Mr William Adams analyst of Basemetals.com said that world zinc prices of 77 cents per pound this week are almost 40% lower than the 2008 peak of USD 1.28 reached in early March 2008 and are below marginal productions costs due to huge metal surplus and weak demand in major zinc consuming regions.
Mr Adams expects spot zinc to trade in the short to medium term from the low of 77 cents to a high of 88 cents. Independent nonferrous metals consultant Mr Angus MacMillan is even more bearish, telling clients to expect spot zinc prices to fluctuate in a range of 68 cents per pound and 82 cents.
The Merrill Lynch Global Metals Team this month reduced its 2008 price forecast to 93 cents. Through August 2008, spot zinc on the London Metal Exchange has averaged 98 cents per pound as compared with USD 1.17 for all of 2007. The Merrill Lynch forecast for 2009 is 90 cents per pound while the consensus outlook of 60 analysts is 86 cents.

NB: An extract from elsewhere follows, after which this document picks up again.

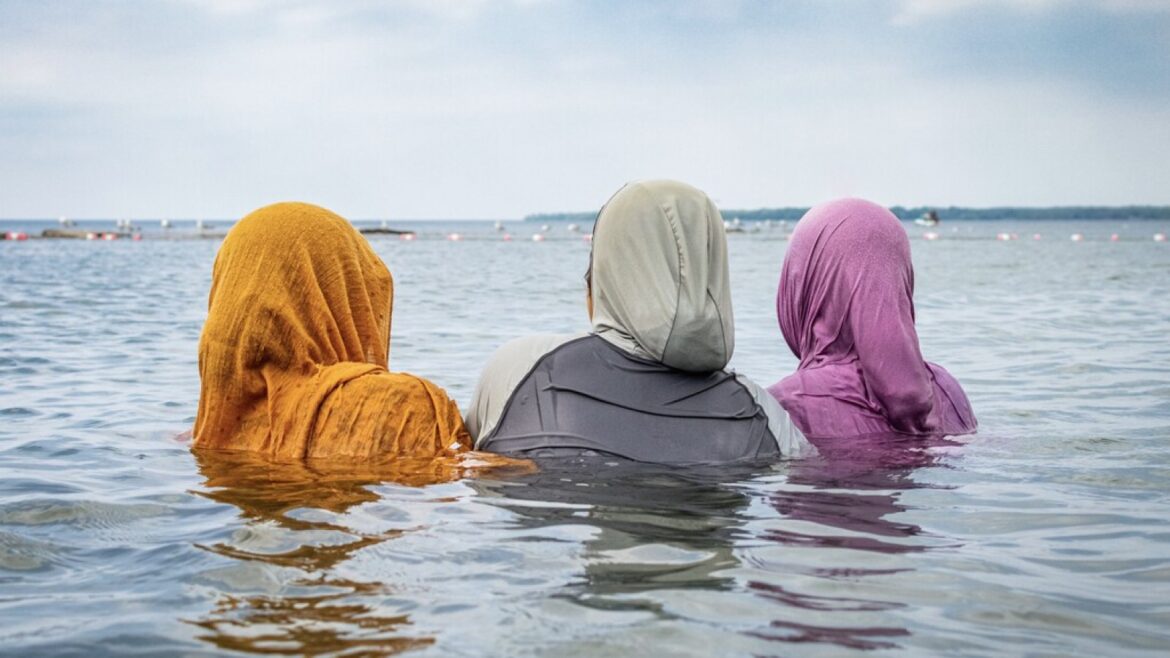 Burkini permitido en Burgos pero no en León: el lío que enfrenta a España - burkini piscinas España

Mr David Lipschitz analyst at Merrill Lynch points out that zinc is extremely sensitive to economic downturns since purchasing is 50% to construction, which has entered a phase of low activity, declining in the North America, Europe and non China Asia.
Mr Lipschitz notes that inventories are not at comfortable levels so top producer China's ability to absorb rising domestic output should be keenly watched. He forecasts that the zinc market will remain in surplus, rising to 304,000 tonnes in 2009 from just 45,000 tonnes in 2008.
The analysts say large zinc metal surpluses, lately around 160,000 tonnes and weakened demand across Europe and in non China Asian nations will be price depressants for some time to come.